Do not treat this as persistent app storage. It is temporary exchange space. A host may prune it, and content should not store durable references to paths inside it.

For hosted launches, this directory is also the content process’s TMPDIR. Code that uses FileManager.default.temporaryDirectory, NSTemporaryDirectory(), or OUTERFRAME_STAGING_DIR should land in the same origin-scoped temporary area. The host may still reserve documented subdirectories inside it, such as dropped-file-access, for host-managed file leases.

Colors

macOS users expect their apps to look good in Light Mode, Dark Mode, and accessibility color modes. Usually, you should derive colors from dynamic AppKit colors such as NSColor.labelColor, NSColor.textBackgroundColor, and related semantic colors.

Because outerframe content renders through lower-level primitives like CALayer, dynamic colors need to be resolved under the host-provided NSAppearance before assigning CGColor values:

effectiveAppearance.performAsCurrentDrawingAppearance {
    layer.backgroundColor = NSColor.textBackgroundColor.cgColor
}

The host sends appearance information during initialization and again when the effective appearance changes. Content should update its layer colors in response:

func updateAppearance(_ appearance: NSAppearance) {
    appearance.performAsCurrentDrawingAppearance {
        layer.backgroundColor = NSColor.textBackgroundColor.cgColor
        textLayer.foregroundColor = NSColor.labelColor.cgColor
    }
}

The important rule is to store enough state to redraw semantic colors when appearance changes. Do not resolve a dynamic AppKit color once at startup and assume it will remain correct for the life of the content process.

Networking

Outerframe content can use macOS’s built-in networking APIs, but it is sandboxed to have no direct access to the network. Instead, it connects through a local proxy provided by the host.

The proxy controls network policy. It enforces same-origin rules, so content does not have unfettered access to the network. The host can also map an origin to something that is not a normal TCP connection. For example, a host can use the proxy to let content connect to a server over SSH, or to connect to a local Unix socket file.

When you use macOS’s URLSession API, configure it to use the host-provided local proxy. The proxy configuration is delivered during initialization.

The proxy configuration includes a host, port, username, and password. The credentials are generated for a single content launch and authorize the content process to use only the routes the host registered for that outerframe app. Treat them as process-local secrets: use them for the proxy connection, but do not persist them.

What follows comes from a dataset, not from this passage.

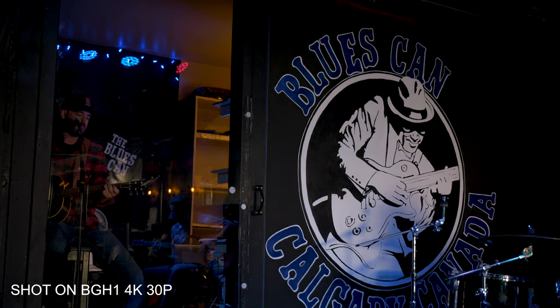Hey, TCSTV viewers, it's Dave and Evelyn from The Camera Store. Today we have a hands-on look at the Panasonic BGH1. Hello to everyone out there in Internet land.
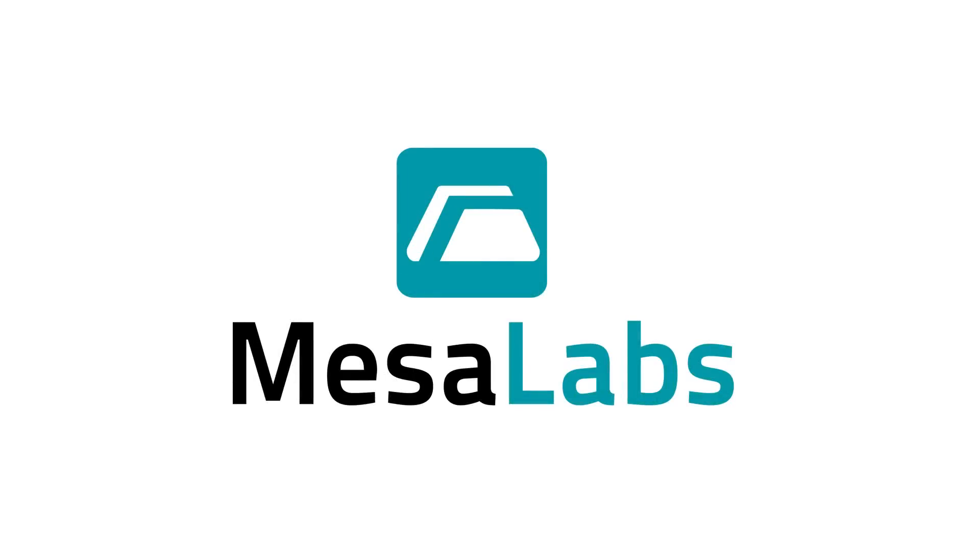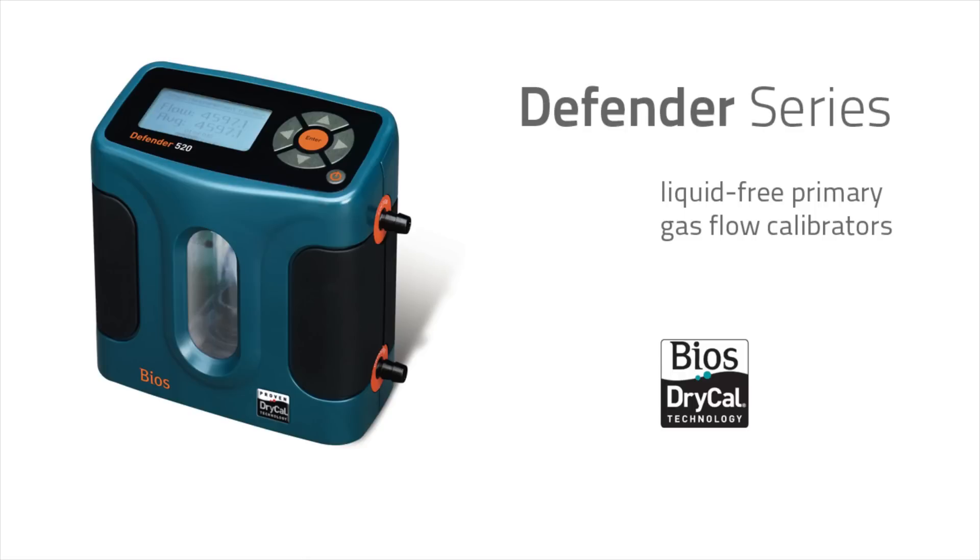Today we're going to show you some of the features and functionality of our Defender Calibrator series. Our proven DryCal technology is a primary liquid-free gas flow calibration standard that doesn't rely on messy soap bubbles or other liquids for measurement.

let configuration = URLSessionConfiguration.default
configuration.connectionProxyDictionary = [
    kCFNetworkProxiesHTTPEnable as String: true,
    kCFNetworkProxiesHTTPProxy as String: proxyHost,
    kCFNetworkProxiesHTTPPort as String: proxyPort,
    kCFProxyUsernameKey as String: proxyUsername,
    kCFProxyPasswordKey as String: proxyPassword
]
let session = URLSession(configuration: configuration)

Accessibility / automation

Outerframe content should expose an accessibility tree through the outerframe protocol. The host integrates that tree into the native accessibility system.

This is separate from rendering. If content draws a button into a layer, the host cannot infer that it is a button. Content needs to report the semantic tree, current focus, actions, and updates.